MATERIAL FOR THIS EXERCISE:
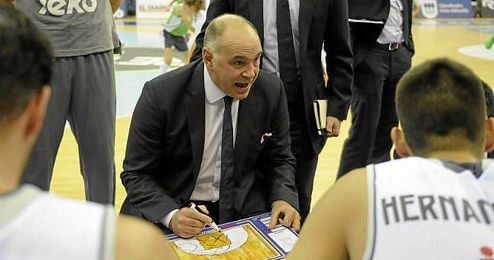 Pablo Laso dando instrucciones a sus jugadores. Pablo Laso dando instrucciones a sus jugadores.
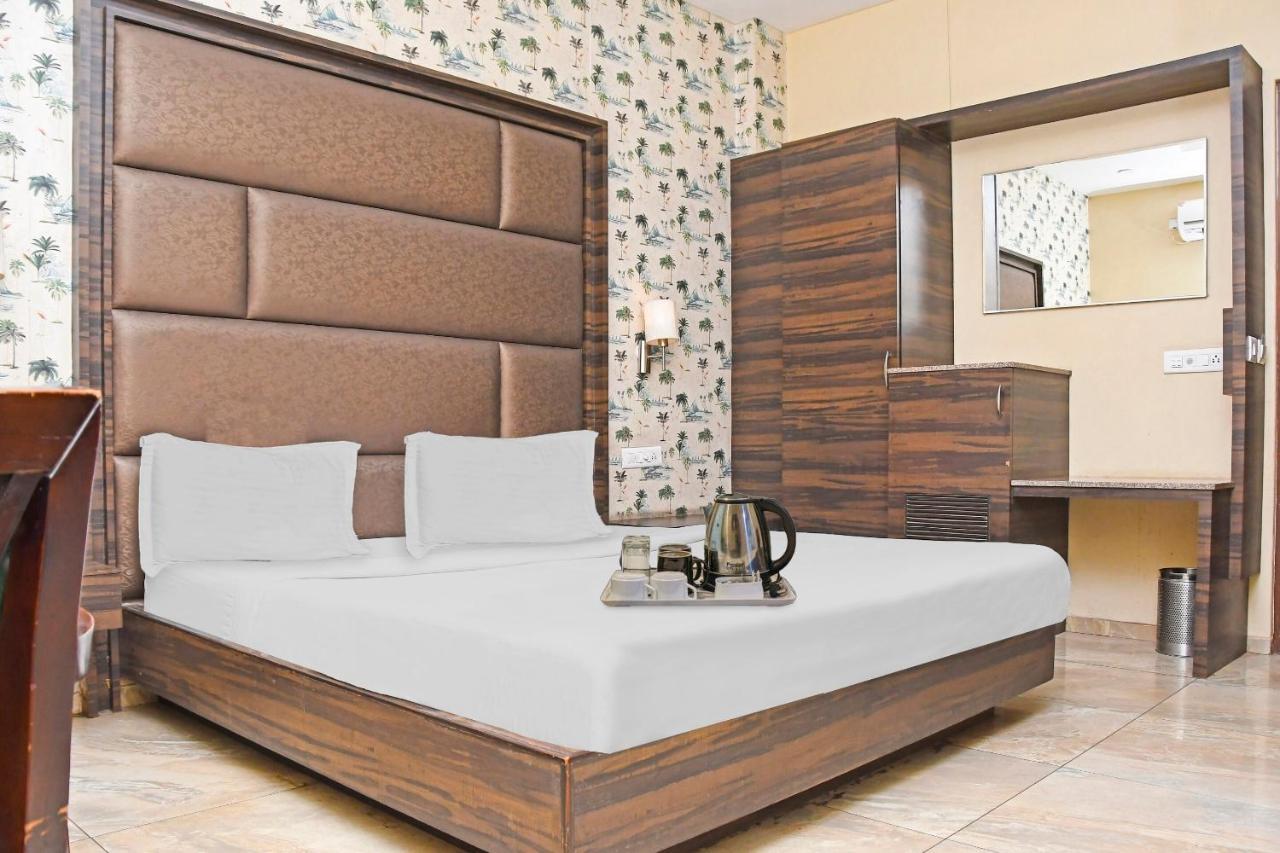 โอโย 10226 โฮเต็ล สุริยา พาเลซ Hotel Bhilai ภายนอก รูปภาพ
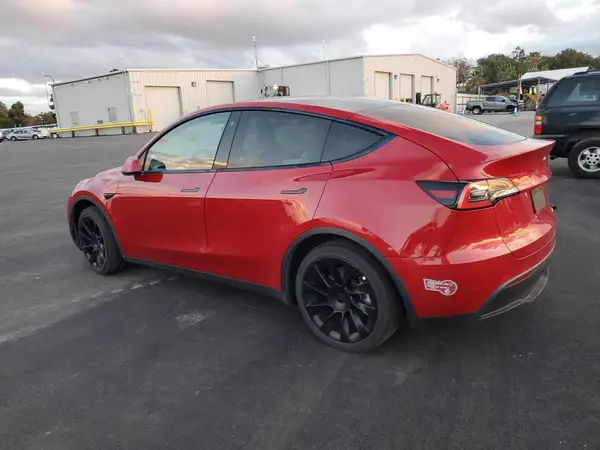 5YJYGDEE6MF102856 2021 TESLA MODEL Y - Image 2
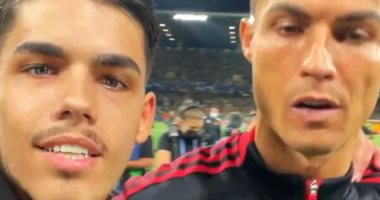 شاهد .. لحظة اقتحام مشجع لملعب مباراة المان يونايتد لالتقاط سيلفي مع الدون(فيديو)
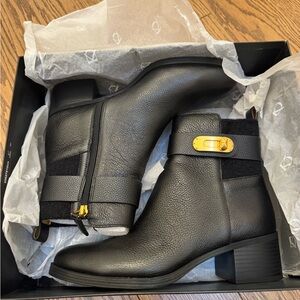 Donna Karan Black Ankle Thompson boots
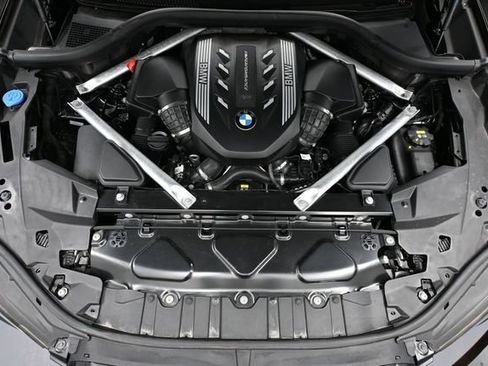 Used 2022 BMW X5 M50i AWD/4WD image 55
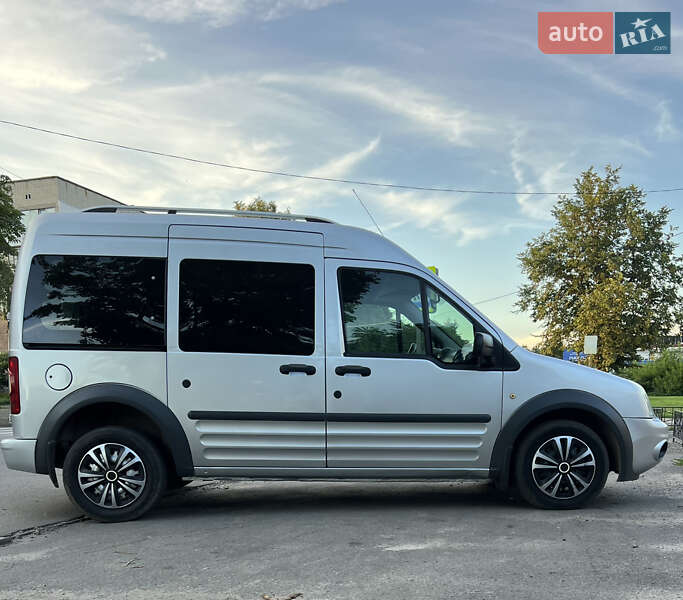 Минивэн Ford Tourneo Connect 2013 в 
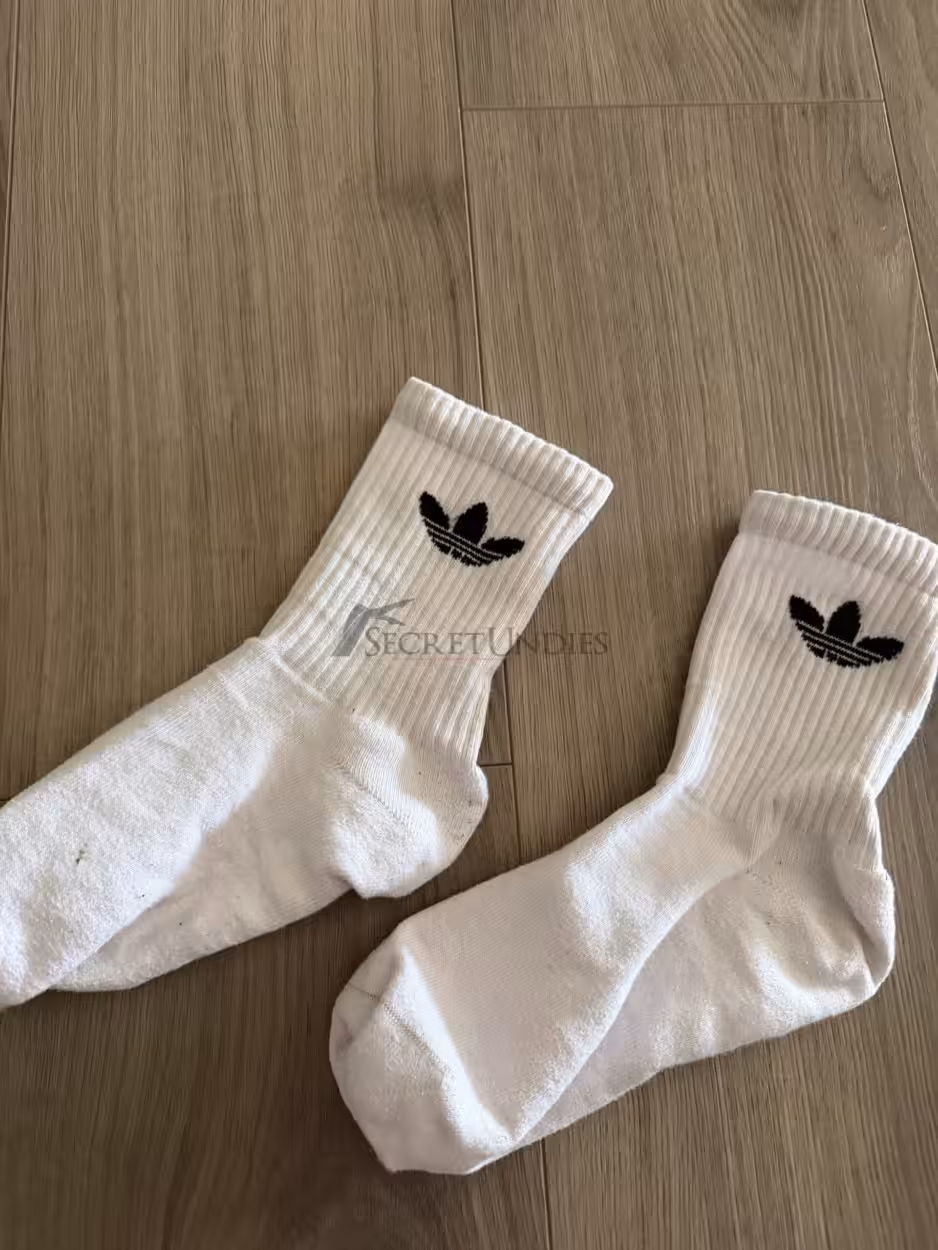 Getragene Adidas Socken – Bild 3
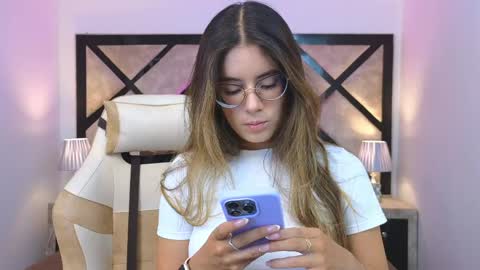 Snapshot of miasilverr chatting on May 20, 7:09 pm Mia online show from May 20, 7:09 pm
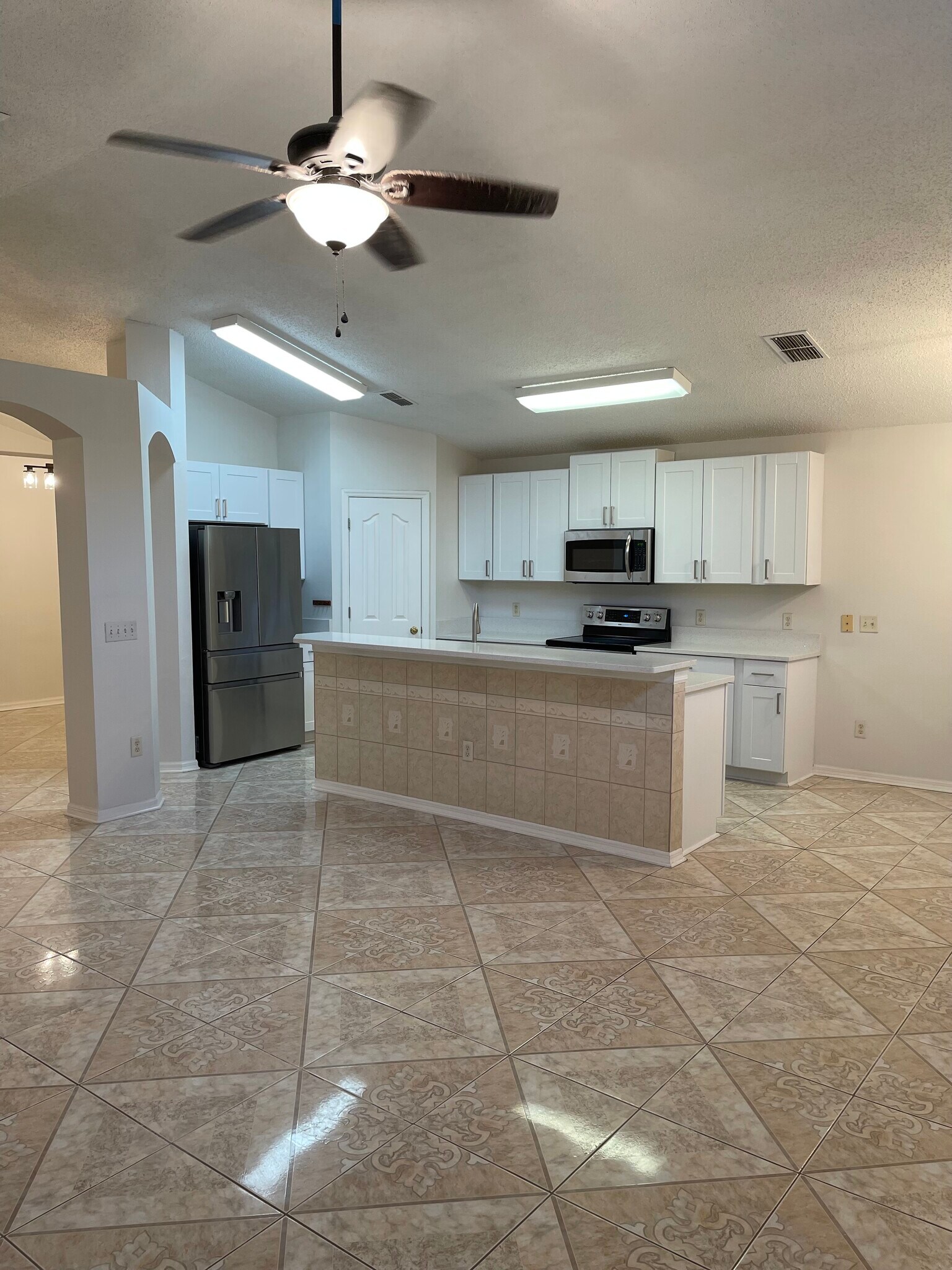 Building Photo - 13401 White Elk Loop
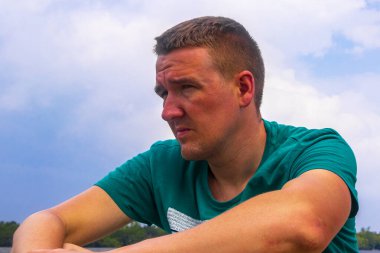 Bentota Sahili Galle Bölgesi Güney Sri Lanka Bölgesi Bentota Ganga Nehri Gölü 'ndeki mangrov ormanlarında tekne safarisi yapan genç bir erkek turist..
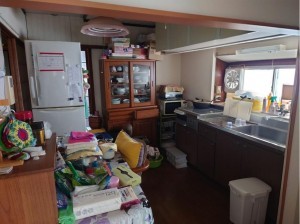 松阪市春日町、中古一戸建てのキッチン画像です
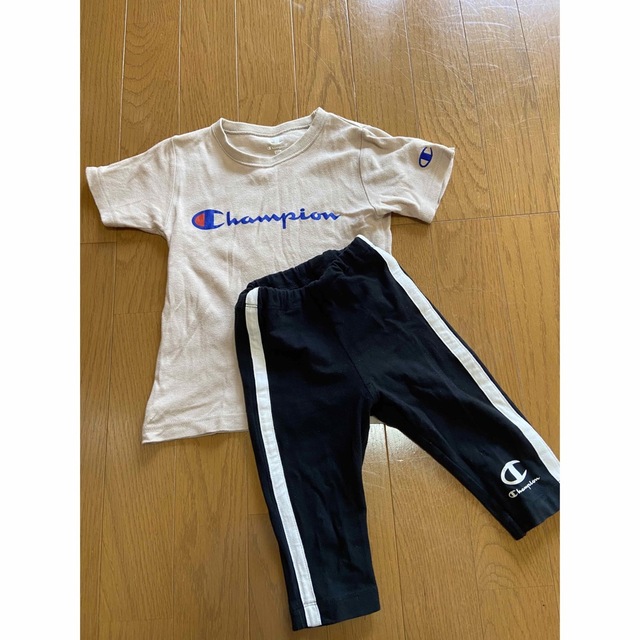 Champion(チャンピオン)のチャンピオン　セットアップ　まとめ売り　半袖　パンツ キッズ/ベビー/マタニティのキッズ服男の子用(90cm~)(Tシャツ/カットソー)の商品写真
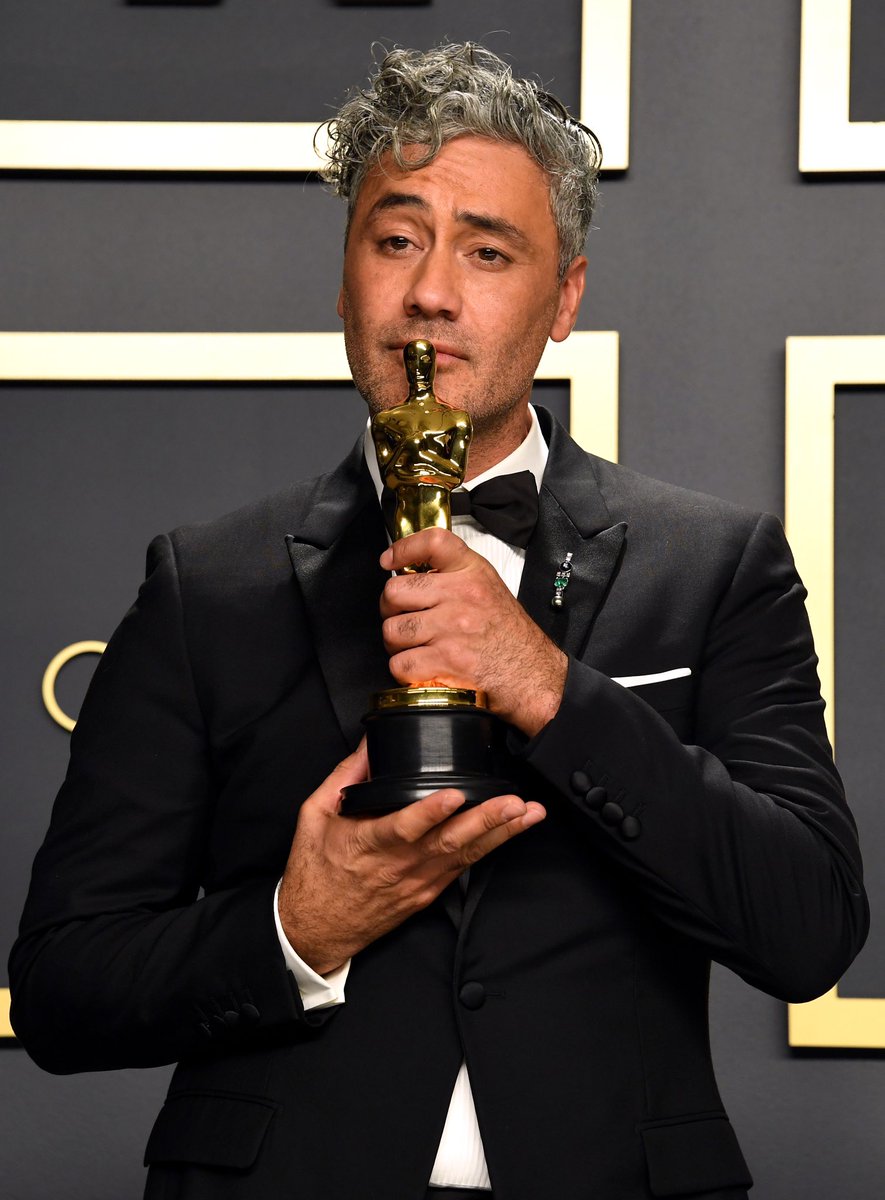 waitititaikas's tweet photo. thinking about when taika waititi won his first oscar https://t.co/VrT92KYMqX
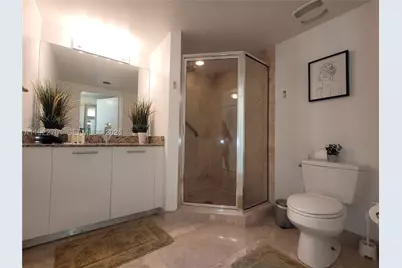41 SE 5th #710, Miami, FL 33131 - Photo 8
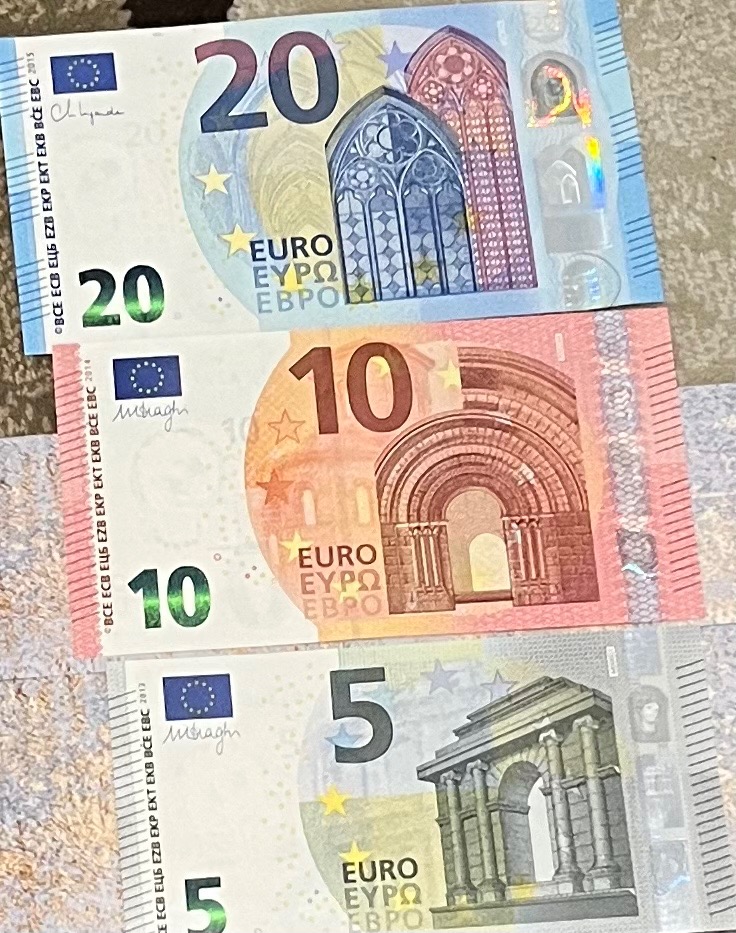 ست اسکناس یورو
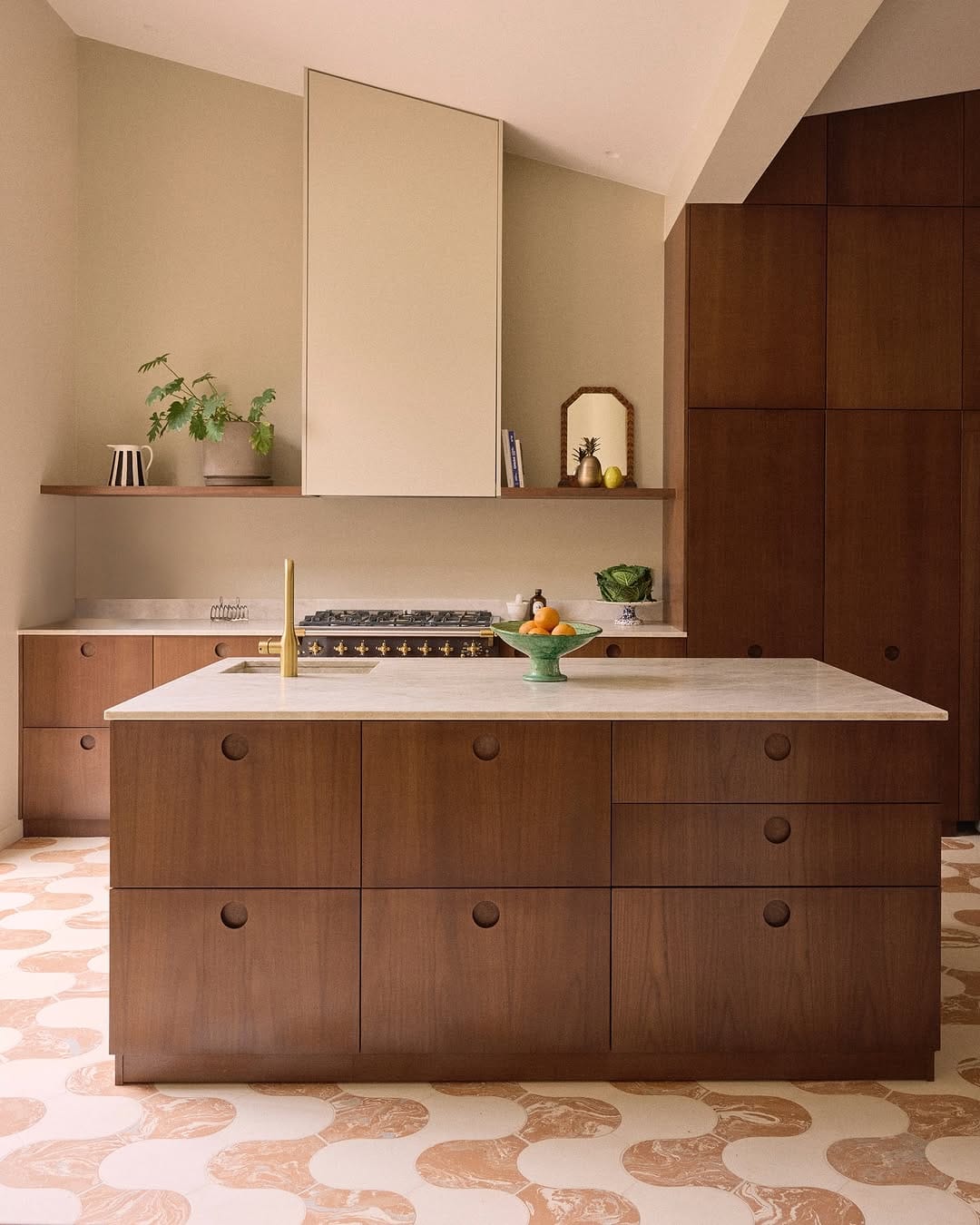 Post 5 by STUDIO MARGAUX SLOWEY on Instagram (image)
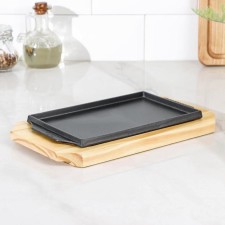 Cast iron pan “rectangle”, 25 × 14 cm, on a wooden stand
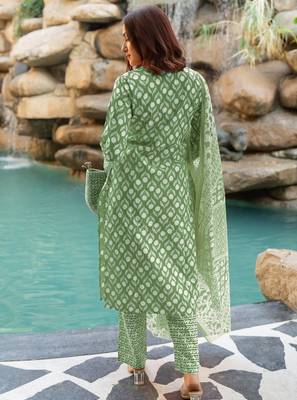 Women's Green Grey cotton floral print kurta set with dupatta & trouser 4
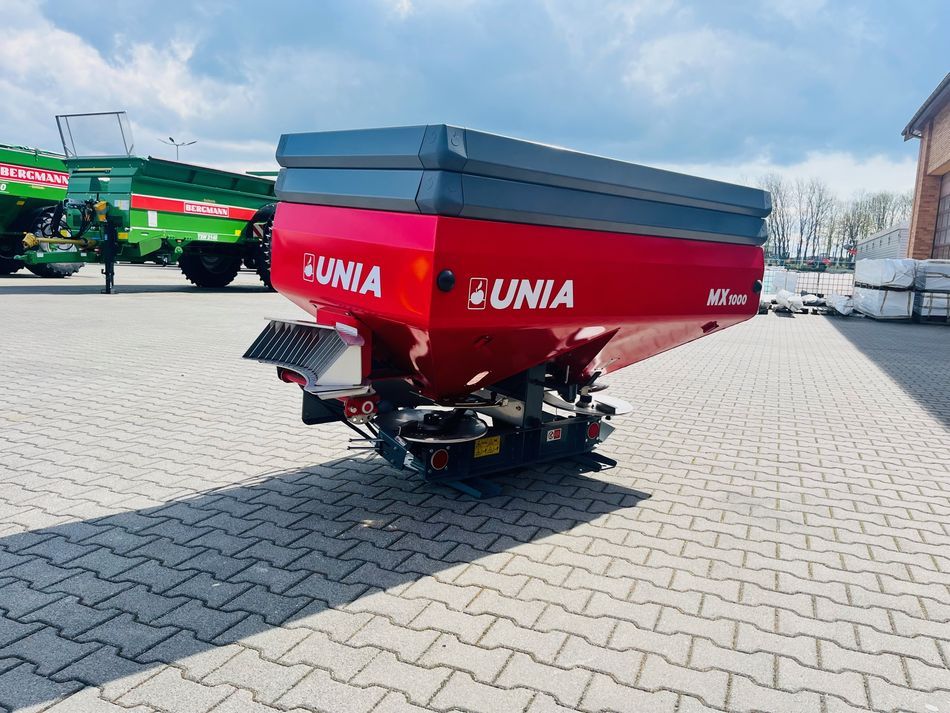 Precyzyjny zawieszany rozsiewacz nawozu Unia Group MX 1000 z limiterem i nadstawkami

PROBLEM DETAILS:
Without the pictures, reproduce every line of the records above exactly.

EXERCISE ANSWER:
 Pablo Laso dando instrucciones a sus jugadores. Pablo Laso dando instrucciones a sus jugadores.
 โอโย 10226 โฮเต็ล สุริยา พาเลซ Hotel Bhilai ภายนอก รูปภาพ
 5YJYGDEE6MF102856 2021 TESLA MODEL Y - Image 2
 شاهد .. لحظة اقتحام مشجع لملعب مباراة المان يونايتد لالتقاط سيلفي مع الدون(فيديو)
 Donna Karan Black Ankle Thompson boots
 Used 2022 BMW X5 M50i AWD/4WD image 55
 Минивэн Ford Tourneo Connect 2013 в 
 Getragene Adidas Socken – Bild 3
 Snapshot of miasilverr chatting on May 20, 7:09 pm Mia online show from May 20, 7:09 pm
 Building Photo - 13401 White Elk Loop
 Bentota Sahili Galle Bölgesi Güney Sri Lanka Bölgesi Bentota Ganga Nehri Gölü 'ndeki mangrov ormanlarında tekne safarisi yapan genç bir erkek turist..
 松阪市春日町、中古一戸建てのキッチン画像です
 Champion(チャンピオン)のチャンピオン　セットアップ　まとめ売り　半袖　パンツ キッズ/ベビー/マタニティのキッズ服男の子用(90cm~)(Tシャツ/カットソー)の商品写真
 waitititaikas's tweet photo. thinking about when taika waititi won his first oscar https://t.co/VrT92KYMqX
41 SE 5th #710, Miami, FL 33131 - Photo 8
 ست اسکناس یورو
 Post 5 by STUDIO MARGAUX SLOWEY on Instagram (image)
 Cast iron pan “rectangle”, 25 × 14 cm, on a wooden stand
 Women's Green Grey cotton floral print kurta set with dupatta & trouser 4
 Precyzyjny zawieszany rozsiewacz nawozu Unia Group MX 1000 z limiterem i nadstawkami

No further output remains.